At the college level, music majors have the opportunity to perform in a variety of ensembles—not just wind ensemble or orchestra. Many music schools require and encourage students to perform in chamber groups such as trios, quartets, quintets, etc. While incoming students are often placed into chamber ensembles by their teachers and are told what pieces to play, older students can often choose their chamber ensembles and the repertoire they play. In other words, they have the freedom to perform with their friends!
“One of the great things about being a music major is that you get to make great music with your friends every day,” says Savannah.
“This means that even through the hectic schedules and hours of practicing, there is still a time that you can do something fun with others. Throughout my time as a music major, some of my favorite memories are those that were made in the ensembles that I play in.”
Mari agrees: “Being a music student in college is about more than just playing music: it is about creating connections and building relationships that will carry you forward into the rest of your life and career as a musician.”
With so many new responsibilities thrown at you—from longer practice time, to challenging homework assignments, to professors’ high expectations—it’s easy to feel overwhelmed as a new music major. But it is important to remember that you are not alone, and there are plenty of people and resources available to you whenever you need help.
Some schools have taken extra steps to insure their students’ wellbeing. At the Lawrence Conservatory of Music, where Jack studies, “Our Dean’s Advisory Council has implemented a program called ‘Be Well, Do Well’ to encourage students to make more time for themselves.”
Jack says he appreciates the initiatives his school has taken to assure students don’t feel overwhelmed. He also offers an essential bit of advice:
“I always felt in high school and at some points in my first year of college that there were almost too many programs to get involved with. I believe [we] musicians feel…that we must constantly be doing something. However, it is perfectly okay to just take opportunities to [breathe], relax and smell the flowers a little bit.”

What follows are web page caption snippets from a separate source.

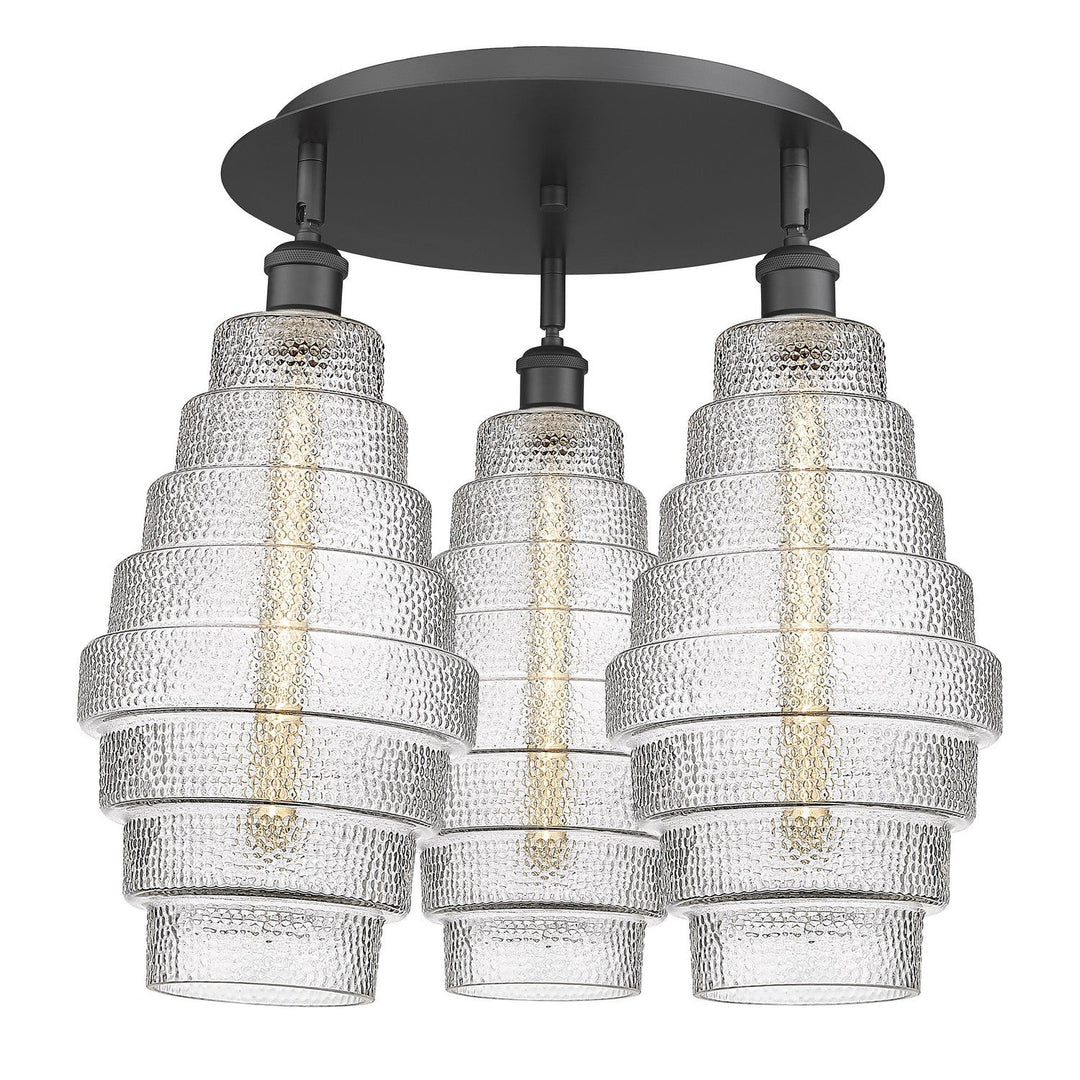 Innovations Downtown Urban 516-3C-BK-G672-8 Ceiling Light - Matte Black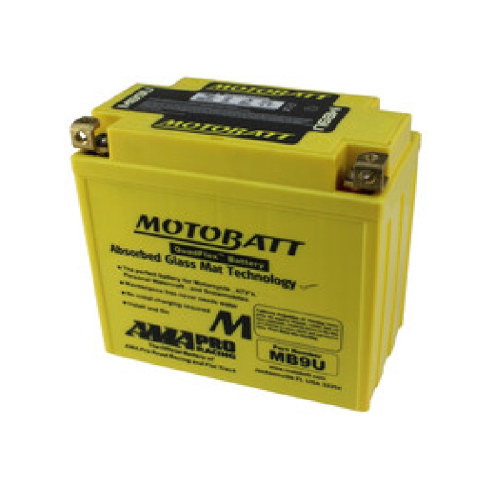 Motobatt - Motobatt Quadflex AGM 12V Battery - MB9UHD - MB9UHD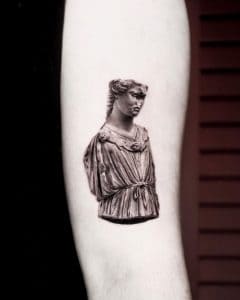 Tatuaje de atenea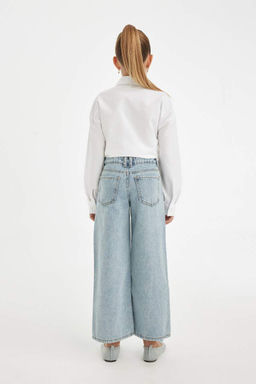 Широкие брюки для девочек - Defacto фото 6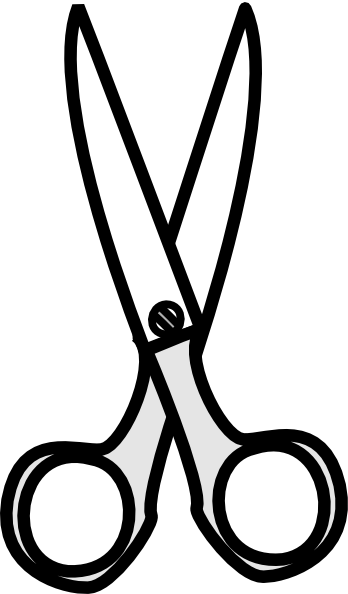 Black & White Scissors Clip Art at  - vector clip art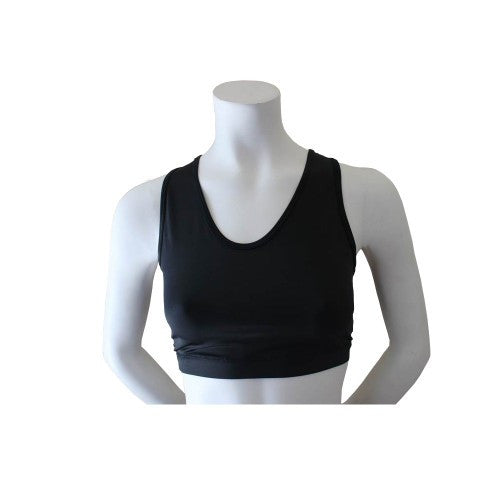Women's Sports Bra with Optional Chest Protection Inserts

Ashley Eady is a music journalist based in the Nashville area. She studied Clarinet Performance at Blair College of Music at Vanderbilt University and Arts Journalism at University of Southern California Annenberg School for Communication and Journalism.
Photo Credits: Left, Stanford Jazz Workshop; Right, J. Weidlein
What a pleasure it is to read about how these mature, articulate, and motivated musicians are learning to thrive in college. I wonder what they might say about their music theory classes. Many fine young musicians who have an intuitive sense of rhythm and phrasing, maybe even absolute pitch, are overwhelmed by their first-year theory classes. Analyzing harmonic structures is so different from playing your instrument! Do colleges offer extra help to students who have not taken music theory in high school?
You’re correct about this. While students will be tested on their music theory knowledge for placement purposes before starting their freshman year, students who take the time to gain some knowledge in music theory while they’re still in high school – through private teachers, summer programs, apps, online courses, AP Music Theory, etc. – will fare much better.